A mulher do corte de cabelo moderno irradiava energia e prestabilidade, enchendo a sala com os seus sorrisos, mas teria sido ela quem colocou uma droga sonâmbula nos sumos de laranja do psicopata e da estranguladora?
O senhor do fato completo foi o que esteve menos tempo presente, tendo sido o último a chegar e o primeiro a partir. Mas também ele poderia ter ajudado a tramar o psicopata e a estranguladora. Desconfia-se sempre de um homem de fato e gravata.
O homem da calvície luzidia (e a sua mulher) poderiam encaixar-se perfeitamente no perfil Bonnie and Clyde.
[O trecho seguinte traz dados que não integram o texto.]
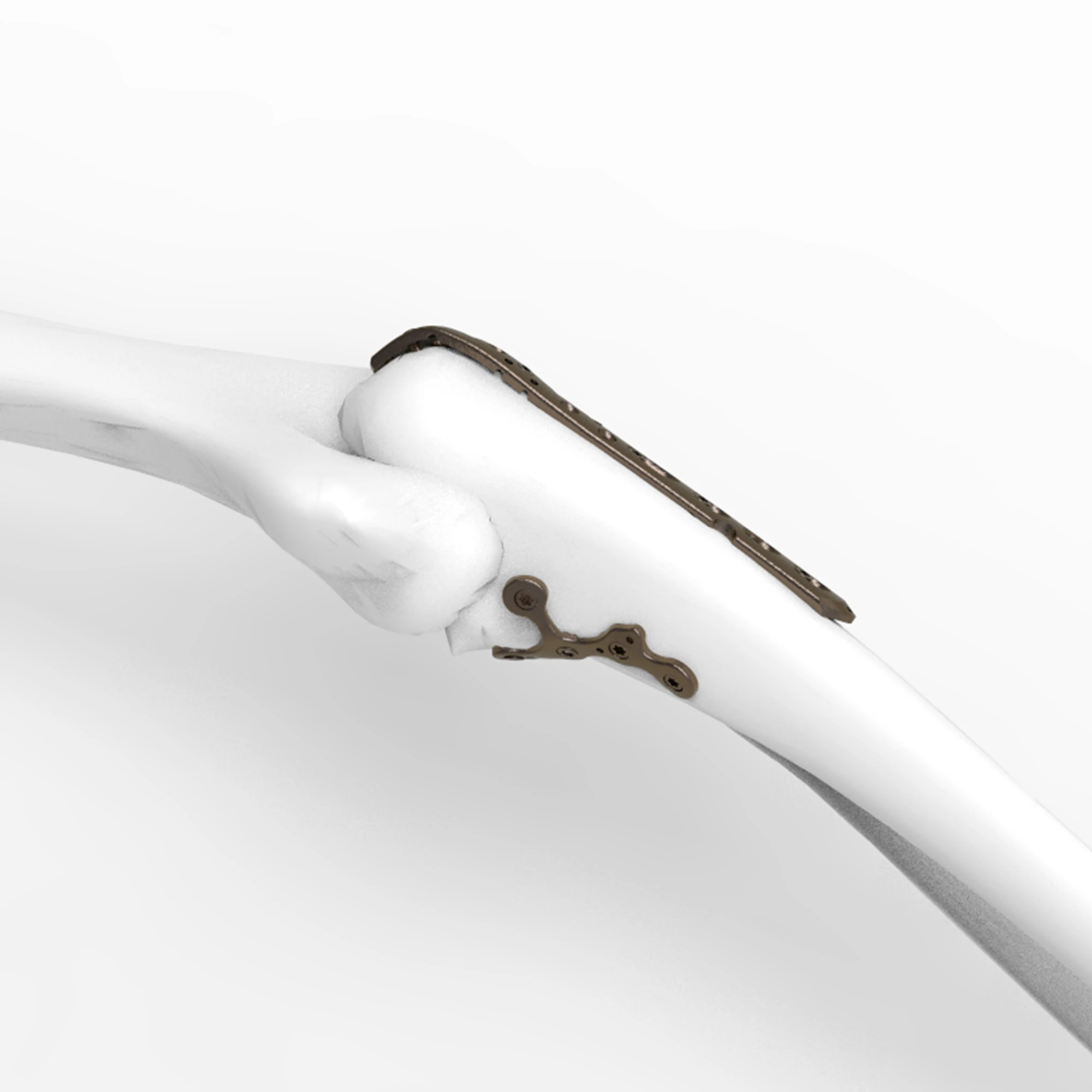 Product View 1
Ele mais calado mas muito atento, a mulher mais faladora e curiosa. Eram a dupla perfeita para trapacearem um psicopata e uma estranguladora.
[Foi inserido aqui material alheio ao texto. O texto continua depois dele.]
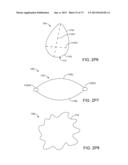 OCULAR INSERT APPARATUS AND METHODS diagram and image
A verdade é que ambos começaram a sentir algo estranho quando o autor do livro os veio cumprimentar. Sentiram uma ligeira excitação mas que ao mesmo tempo lhes parecia algo estranhamente entorpecedor. Seria uma espécie de plenitude efusiva misturada com uma iluminação interior? Hum, mal sabiam eles que era o sumo de laranja a começar a fazer efeito.
O grupo esteve muito divertido, continuando assim após a saída do homem do fato completo e os abraços e cumprimentos ao autor do livro (que os presenteou a todos com 1 autógrafo). E muito divertido foi o jantar. Foram todos corridos a sopas e pouco mais. Mas o pouco mais tornou-se muito pela conversa, pelas risadas e principalmente pelo final da refeição.
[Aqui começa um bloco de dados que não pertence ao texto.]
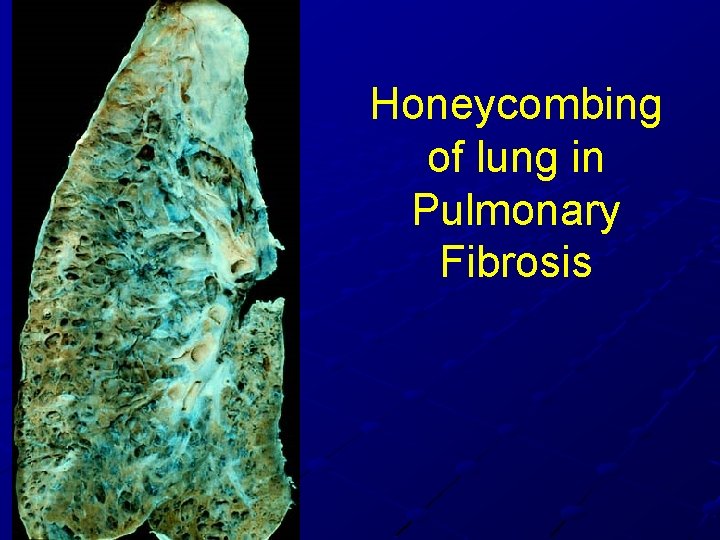 Honeycombing of lung in Pulmonary Fibrosis Honeycombing of lung in Pulmonary Fibrosis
A mulher da máscara amarela ofereceu-se para levar a casa o psicopata e a estranguladora mas antes tinha de ir buscar o namorado que se encontrava nos arredores da cidade.
E nesse momento tudo se precipitou:
— Olha que eu sou um psicopata e ela é uma estranguladora — Disse entre risos o psicopata.
— Sim, tu sabes lá quem a quem vais dar boleia — A estranguladora meteu a sua colherada. Risos no grupo.
E o psicopata continuou:— E se chegares viva ao teu namorado aposto que os dois vão estar sempre de olho em nós.— Melhor ainda! Vão-nos dar as chaves do carro para que um de nós conduza e o outro vá ao lado, vigiando-nos do banco de trás.Mais risos no grupo. E o psicopata, sem o saber, descobriu a tramóia:
— Pior do que isso, tu e o teu namorado dão cabo de nós!
Risos sonoros por toda a sala do restaurante, quase que a obrigar que as pessoas das outras mesas se virassem todas para aquele peculiar grupo. Foi por entre alguma sonolência insuspeita do psicopata e da estranguladora que todos se despediram. A mulher da máscara amarela ia levá-los no seu carro.
A partir daí tudo se tornou mais nebuloso: havia uma cidade com luzes e automóveis a circular; um engano no percurso e depois as luzes tornaram-se mais ténues e as estradas mais escuras, tão pntadas de bréu que quando o psicopata e a estranguladora acordaram deveriam ainda pensar que andavam às voltas pelos arredores da cidade. Afinal estavam amarrados e vendados. E iriam ter muito tempo para pensar em como foram ali parar."